Step by Step guide to create multi-cluster in Google Cloud, Read and Write CSV Files from Jupiter Notebook Hosted on Google Cloud

Prabhat Goel
3 min readApr 10, 2022

Please find below step by step instruction to setup the multi-node Hadoop cluster on google cloud and using PySpark framework in Jupiter notebook hosted/stored in bucket in Google cloud.

  1. Create your account on Google Cloud — By providing your credit card detail. Google gives you a credit worth $300.
  2. After setting up your first project in Google Cloud. Go to Data Proc -> Cluster.
Data Proc -> Cluster.

3. Once you click on cluster you will get a screen like below

4. Click on Cluster/ Try this API and configure “Master and Worker Node”

5. Below is the image showing – How to configure the “Master Node”.

(5.1) Give name to “Master Node”

(5.2) Select the cluster type — for our assignment we have chosen the “Standard” Cluster Type i.e. One master and N worker Node.
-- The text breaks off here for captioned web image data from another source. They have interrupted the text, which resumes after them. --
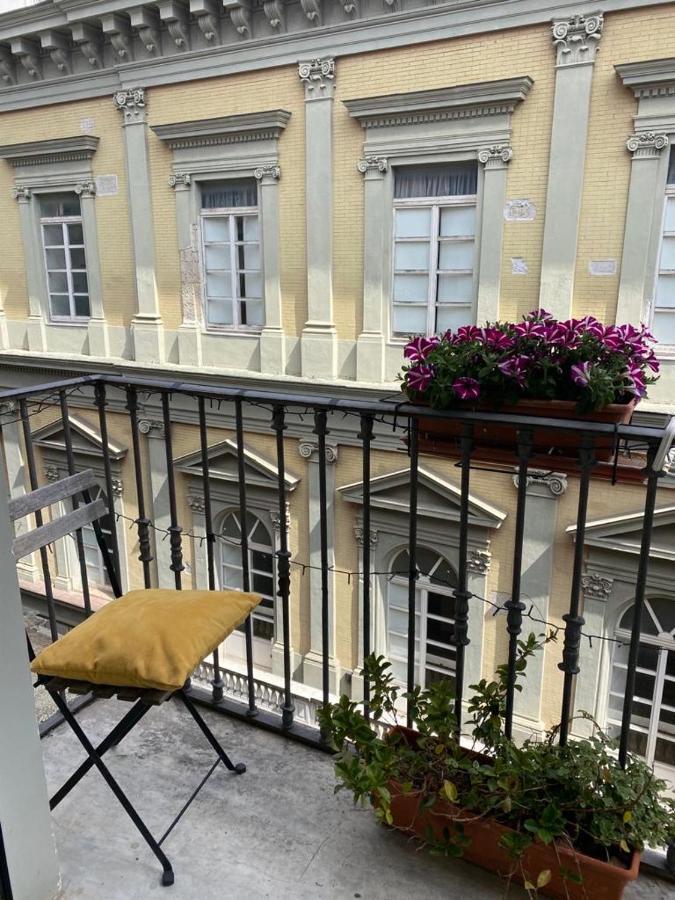 Ambra Noblesse Bed and Breakfast Napoli Eksteriør billede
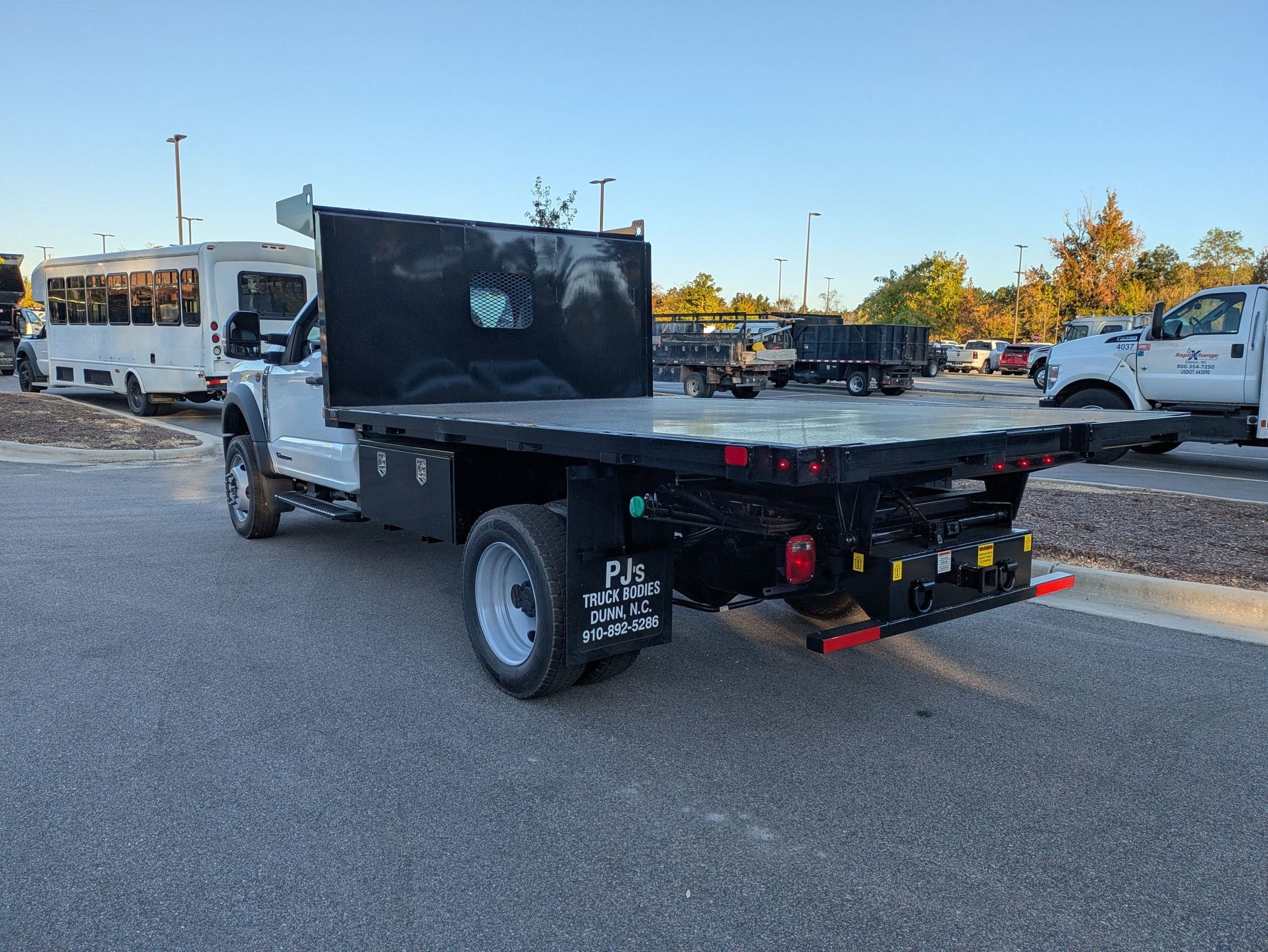 2026 Ford Super Duty F-450 DRW XL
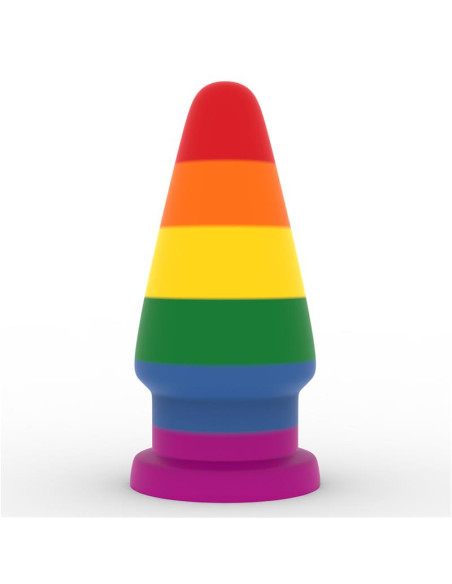 Lovetoy Prider 6 — kork analny z silikonu medycznego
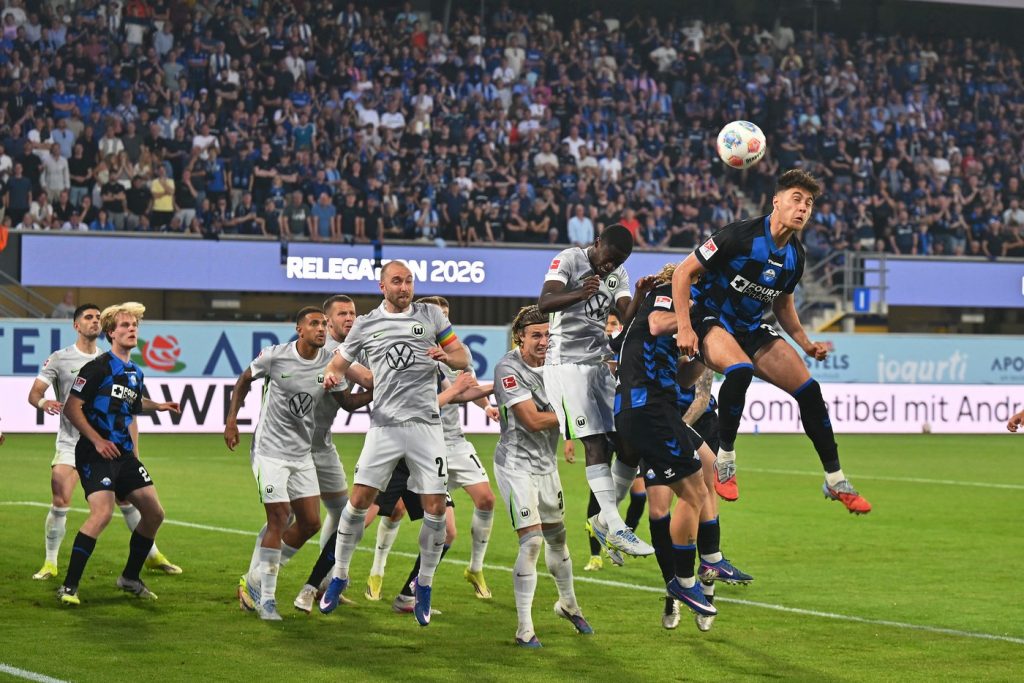 Bundesliga ima novog člana, Wolfsburg ispao nakon 30 godina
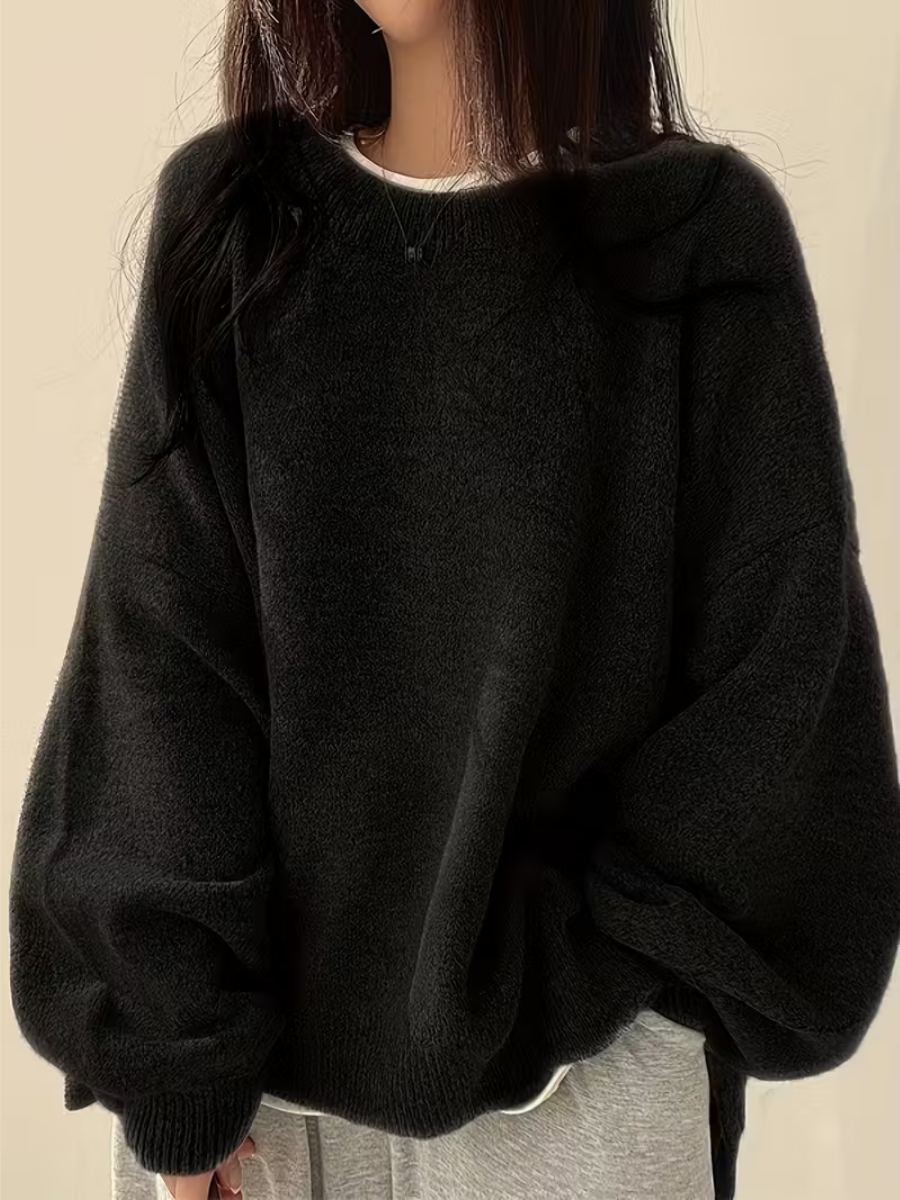 Sarela™ | Warm Oversized Women's Sweater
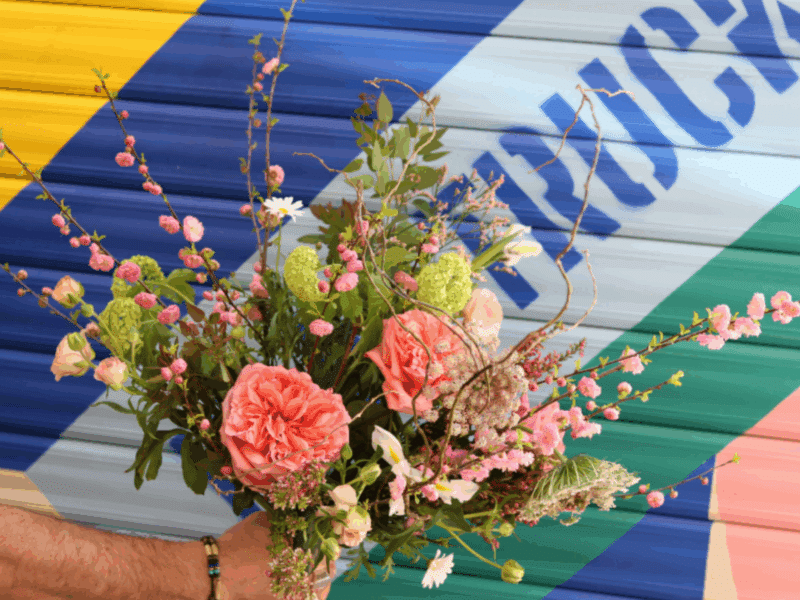 Bohème Fleurs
(5.3) Now configure the Master and Worker Node

Here we gave 32 GB space to master and worker nodes. For master node we choose 2 CPU of 7.5 GB Memory and for worker node we choose 1 CPU for each node of 3.75 GB memory. You can choose based on your requirement.

6. Select Jupiter Notebook option while configuring the nodes in a cluster. This option will create a web interface of Jupiter Notebook in cluster like show in below image.

7. After configuring the node. Click on Create cluster. Master and worker node will be created.

8. After creating the cluster we will see VM instance like below :

We successfully created Hadoop Cluster in Google Cloud. A bucket storage will also be created for the cluster. On this storage we will store our data given in assignment.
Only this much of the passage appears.